Olan biten

Hipofiz bezi ve inatçı lekeler...

Şu, "seçmen" adıyla çağırdığımız, kendisine şaşmaz bir sağduyu yanında yücelerin yücesi bir irade izafe edilen farazi şahsiyet, uzun ve anlaşılması zor cümlelerle konuşmaya pek meraklı olmalı. Hepimiz onun kankasıyız. Ön adıyla hitap etmekte bir teklifsizlik görmeyiz: "Aslında şunu söylemek istedi ama bunu dedi..." Uzun cümlelerle konuştuğu muhakkak; söylediklerinin decode edilmesine günler, haftalar, hatta aylar kafi gelmiyor. Öte yandan başı ve sonu belli bir hükmün tebliğinden ibaret oluşuna karşılık, bu code’ların  birbirine taban tabana zıt manalara, aynı anda ve gayet tutarlı argümanlarla tahviline engel bir durumla da karşılaşılmaz. Her durumda onun kararlarındaki isabete hayranlık, hakkında konuşma sırası elde etmenin birinci şartı. Bir nevi besmele...

Mutlaka bir büyütecin arkasına göz yerleştirerek ortaya çıkarılabilecek derin mesajlar peşinde koşmak yerine bir an için gözlerimizi kapalı tutup sakin kafayla düşünürsek, seçim sonuçlarının oradan bize bakıp duran yüzünde gayet okunaklı biçimde şunu teşhis etmemiz mümkün olabilecek: AKP, yüzde 41'lik oy desteğiyle muazzam bir sonuç elde etmiştir. Sonucun muazzamlığı, yüzde 41'in Türkiye'de yapılan oy yarışlarında nadiren ulaşılabilen bir oran olmasından gelmiyor sadece; bu performans partinin iktidardaki 13. yılında ortaya konmuş olmakla da ayrıca muazzamdır. Önceki seçime nazaran 7 puanlık bir düşüşe dikkat kesilenler, 2002 seçimlerinde bu partiye tek başına hükümet kurmak için gerekli meclis çoğunluğunu sağlamış yüzde 34'lük performansa ilave edilmiş puanları gözden kaçırmasın.
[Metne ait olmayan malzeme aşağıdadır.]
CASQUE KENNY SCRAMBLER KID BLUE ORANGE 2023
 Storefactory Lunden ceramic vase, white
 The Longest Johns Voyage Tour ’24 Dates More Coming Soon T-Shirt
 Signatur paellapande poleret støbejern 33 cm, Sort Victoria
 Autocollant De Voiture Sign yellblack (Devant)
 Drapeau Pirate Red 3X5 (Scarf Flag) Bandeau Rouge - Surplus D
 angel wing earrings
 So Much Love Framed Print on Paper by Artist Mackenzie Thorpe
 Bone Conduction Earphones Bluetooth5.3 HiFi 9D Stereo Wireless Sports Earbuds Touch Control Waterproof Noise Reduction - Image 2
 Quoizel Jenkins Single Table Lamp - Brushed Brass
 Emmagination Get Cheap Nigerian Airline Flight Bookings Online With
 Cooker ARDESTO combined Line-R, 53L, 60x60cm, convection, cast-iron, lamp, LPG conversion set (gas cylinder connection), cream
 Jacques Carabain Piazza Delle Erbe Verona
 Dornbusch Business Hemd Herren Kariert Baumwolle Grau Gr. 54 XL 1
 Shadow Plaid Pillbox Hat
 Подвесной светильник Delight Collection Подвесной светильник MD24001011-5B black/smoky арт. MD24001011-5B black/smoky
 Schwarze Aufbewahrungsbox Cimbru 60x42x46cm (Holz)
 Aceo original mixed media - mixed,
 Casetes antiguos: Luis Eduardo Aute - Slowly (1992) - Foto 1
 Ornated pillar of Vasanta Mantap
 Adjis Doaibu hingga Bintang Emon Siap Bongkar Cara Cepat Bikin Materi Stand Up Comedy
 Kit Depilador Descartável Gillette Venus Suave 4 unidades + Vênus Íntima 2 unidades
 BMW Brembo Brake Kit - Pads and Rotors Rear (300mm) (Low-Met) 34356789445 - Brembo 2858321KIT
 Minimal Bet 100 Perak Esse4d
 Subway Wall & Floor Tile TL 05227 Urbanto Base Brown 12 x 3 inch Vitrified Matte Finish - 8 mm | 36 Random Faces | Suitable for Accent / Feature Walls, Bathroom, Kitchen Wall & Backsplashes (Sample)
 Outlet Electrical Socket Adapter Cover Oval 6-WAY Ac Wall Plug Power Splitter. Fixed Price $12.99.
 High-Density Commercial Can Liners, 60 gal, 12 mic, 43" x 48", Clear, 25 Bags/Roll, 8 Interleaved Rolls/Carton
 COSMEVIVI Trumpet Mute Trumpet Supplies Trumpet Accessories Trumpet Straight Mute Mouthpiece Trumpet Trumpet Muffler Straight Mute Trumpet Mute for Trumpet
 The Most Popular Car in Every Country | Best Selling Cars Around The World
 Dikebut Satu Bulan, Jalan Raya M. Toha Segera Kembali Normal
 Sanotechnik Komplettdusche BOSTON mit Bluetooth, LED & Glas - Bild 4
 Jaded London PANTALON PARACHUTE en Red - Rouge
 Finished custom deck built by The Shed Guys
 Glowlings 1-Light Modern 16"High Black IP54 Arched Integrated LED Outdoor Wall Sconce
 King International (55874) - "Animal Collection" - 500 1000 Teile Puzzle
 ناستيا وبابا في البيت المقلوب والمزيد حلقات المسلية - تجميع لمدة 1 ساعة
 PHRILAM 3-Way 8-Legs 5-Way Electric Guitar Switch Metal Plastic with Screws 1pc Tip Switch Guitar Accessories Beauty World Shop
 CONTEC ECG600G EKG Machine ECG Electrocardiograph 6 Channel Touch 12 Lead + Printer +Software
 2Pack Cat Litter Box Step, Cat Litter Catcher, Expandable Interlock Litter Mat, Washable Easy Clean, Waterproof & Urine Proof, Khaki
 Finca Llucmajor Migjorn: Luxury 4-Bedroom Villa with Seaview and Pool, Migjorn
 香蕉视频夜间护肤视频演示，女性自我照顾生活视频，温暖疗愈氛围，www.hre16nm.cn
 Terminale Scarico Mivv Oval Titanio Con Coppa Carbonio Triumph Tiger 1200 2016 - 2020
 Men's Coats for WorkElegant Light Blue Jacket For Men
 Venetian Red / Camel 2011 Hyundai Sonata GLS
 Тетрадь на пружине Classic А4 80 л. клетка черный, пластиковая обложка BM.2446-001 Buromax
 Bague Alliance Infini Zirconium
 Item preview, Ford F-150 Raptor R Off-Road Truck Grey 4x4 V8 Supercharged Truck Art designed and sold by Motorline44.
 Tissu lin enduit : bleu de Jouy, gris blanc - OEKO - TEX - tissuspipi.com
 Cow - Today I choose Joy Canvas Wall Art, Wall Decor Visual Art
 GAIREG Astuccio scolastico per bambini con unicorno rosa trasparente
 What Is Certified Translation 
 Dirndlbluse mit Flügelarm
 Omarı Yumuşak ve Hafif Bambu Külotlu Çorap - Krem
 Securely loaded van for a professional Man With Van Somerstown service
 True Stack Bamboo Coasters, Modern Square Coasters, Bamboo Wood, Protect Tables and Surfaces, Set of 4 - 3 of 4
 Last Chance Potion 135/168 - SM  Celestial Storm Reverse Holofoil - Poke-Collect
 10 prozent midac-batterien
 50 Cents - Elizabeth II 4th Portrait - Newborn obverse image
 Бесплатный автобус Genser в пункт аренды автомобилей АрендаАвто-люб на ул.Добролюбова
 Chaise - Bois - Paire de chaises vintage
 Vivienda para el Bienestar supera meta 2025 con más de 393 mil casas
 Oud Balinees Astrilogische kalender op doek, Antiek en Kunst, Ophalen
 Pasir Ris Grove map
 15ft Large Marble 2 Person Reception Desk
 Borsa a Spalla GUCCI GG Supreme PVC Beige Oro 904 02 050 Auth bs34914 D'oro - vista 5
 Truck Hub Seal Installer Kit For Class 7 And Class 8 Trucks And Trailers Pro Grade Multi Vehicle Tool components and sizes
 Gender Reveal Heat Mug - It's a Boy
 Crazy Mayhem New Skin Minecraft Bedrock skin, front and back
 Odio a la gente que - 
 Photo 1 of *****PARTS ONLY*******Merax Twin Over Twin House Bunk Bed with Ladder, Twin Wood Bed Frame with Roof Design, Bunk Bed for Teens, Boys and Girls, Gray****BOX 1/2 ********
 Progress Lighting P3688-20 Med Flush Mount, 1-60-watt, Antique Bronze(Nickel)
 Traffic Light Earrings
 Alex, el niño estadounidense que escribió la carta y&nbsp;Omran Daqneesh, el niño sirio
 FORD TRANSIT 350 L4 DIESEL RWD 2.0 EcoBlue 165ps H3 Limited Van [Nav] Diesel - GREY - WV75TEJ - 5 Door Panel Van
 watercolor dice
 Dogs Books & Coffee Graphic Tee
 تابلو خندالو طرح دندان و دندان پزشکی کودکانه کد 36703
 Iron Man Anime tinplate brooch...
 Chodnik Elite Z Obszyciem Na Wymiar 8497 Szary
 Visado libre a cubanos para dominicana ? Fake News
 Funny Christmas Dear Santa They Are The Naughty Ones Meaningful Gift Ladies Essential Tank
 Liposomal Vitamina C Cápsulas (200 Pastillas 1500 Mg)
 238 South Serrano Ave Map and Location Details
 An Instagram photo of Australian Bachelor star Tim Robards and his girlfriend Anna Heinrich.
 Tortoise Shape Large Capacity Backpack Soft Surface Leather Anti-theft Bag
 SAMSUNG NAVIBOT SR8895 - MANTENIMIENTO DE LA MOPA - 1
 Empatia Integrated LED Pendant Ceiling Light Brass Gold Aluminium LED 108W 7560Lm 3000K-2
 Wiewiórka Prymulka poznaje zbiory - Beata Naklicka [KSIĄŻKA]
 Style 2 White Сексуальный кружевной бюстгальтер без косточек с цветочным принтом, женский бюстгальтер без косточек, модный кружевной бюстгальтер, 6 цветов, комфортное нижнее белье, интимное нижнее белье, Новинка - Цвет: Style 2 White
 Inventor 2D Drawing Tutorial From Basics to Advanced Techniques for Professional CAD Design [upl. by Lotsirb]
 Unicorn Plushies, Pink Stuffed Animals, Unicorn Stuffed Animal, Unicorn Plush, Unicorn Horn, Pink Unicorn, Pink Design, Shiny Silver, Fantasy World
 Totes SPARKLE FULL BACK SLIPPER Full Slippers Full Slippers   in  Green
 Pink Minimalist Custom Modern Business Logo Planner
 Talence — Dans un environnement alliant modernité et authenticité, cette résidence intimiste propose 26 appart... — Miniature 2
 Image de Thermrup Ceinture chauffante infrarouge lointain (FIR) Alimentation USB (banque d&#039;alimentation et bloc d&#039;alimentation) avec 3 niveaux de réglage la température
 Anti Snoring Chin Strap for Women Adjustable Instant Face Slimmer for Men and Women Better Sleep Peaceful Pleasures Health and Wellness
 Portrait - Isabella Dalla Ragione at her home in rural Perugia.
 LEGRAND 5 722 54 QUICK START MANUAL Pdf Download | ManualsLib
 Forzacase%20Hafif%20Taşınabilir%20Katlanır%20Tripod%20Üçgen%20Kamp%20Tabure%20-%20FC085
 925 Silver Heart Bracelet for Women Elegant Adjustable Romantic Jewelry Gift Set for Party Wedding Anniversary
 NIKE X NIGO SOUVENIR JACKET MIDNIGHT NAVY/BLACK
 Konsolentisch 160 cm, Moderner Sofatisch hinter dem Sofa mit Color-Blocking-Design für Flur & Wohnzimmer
Muhaliflerin, oradan bize bakmakta olan bu tabloya en azından bir hayret nidasıyla mukabele etmesi daha makul durur; zafer sevinciyle değil. Doğruya doğru...

Gözlerimizi kapalı tutmayı sürdürelim ve derin bir nefes alalım. Akıl ve izana sadakatten ayrılmamak şartıyla tablonun bize kendini okutmak için ısrarla cephemizi işgal eden yüzündeki aynı sonuçlardan cumhurbaşkanı için kesin, keskin ve vahim bir yenilgi teşhis edilebildiğini farkedeceğiz. Erdoğan, bu seçim sonuçları dolayısıyla pozisyonu hasar gören tek siyasi aktördür. 2007 yılındaki Anayasa referandumu sonrasında yapılan değişiklikle cumhurbaşkanının doğrudan halk oylamasıyla seçilmesi kararlaştırıldığında, bunun, milli iradenin dolaysız ve en rafine haliyle tecellisine referans oluşturacağı, böylelikle diğer bütün seçimlerin siyasi sonuçlarını ikincil kılacağı ilan olunuyordu. Erdoğan geçtiğimiz yılın Ağustos başlarında, hem de birinci turda, yüzde 52'ye yakın oy desteğiyle cumhurbaşkanı seçildi. Henüz, görevindeki ilk yılını bile doldurmamışken, yani sadece on ay gibi kısa bir süre zarfında, arkasındaki oy desteğinin yüzde 10'luk bir dilimin firar ettiği anlaşılıyor. Sürenin kısalığına ve oy desteğindeki erozyonun yoğunluğuna dikkat!... Zira oy desteğindeki bu eksi zammın Erdoğan'ın cumhurbaşkanlığı yarışındaki rakiplerinin safında bir artışa yol açmış olması ihtimalini göz önünde tutma sorumluluğumuz da var. "Yüzde 60'lık blok" argümanı, AKP'ye karşı değil ama bütün politik muhtevasıyla cumhurbaşkanına karşı ileri sürülebilir.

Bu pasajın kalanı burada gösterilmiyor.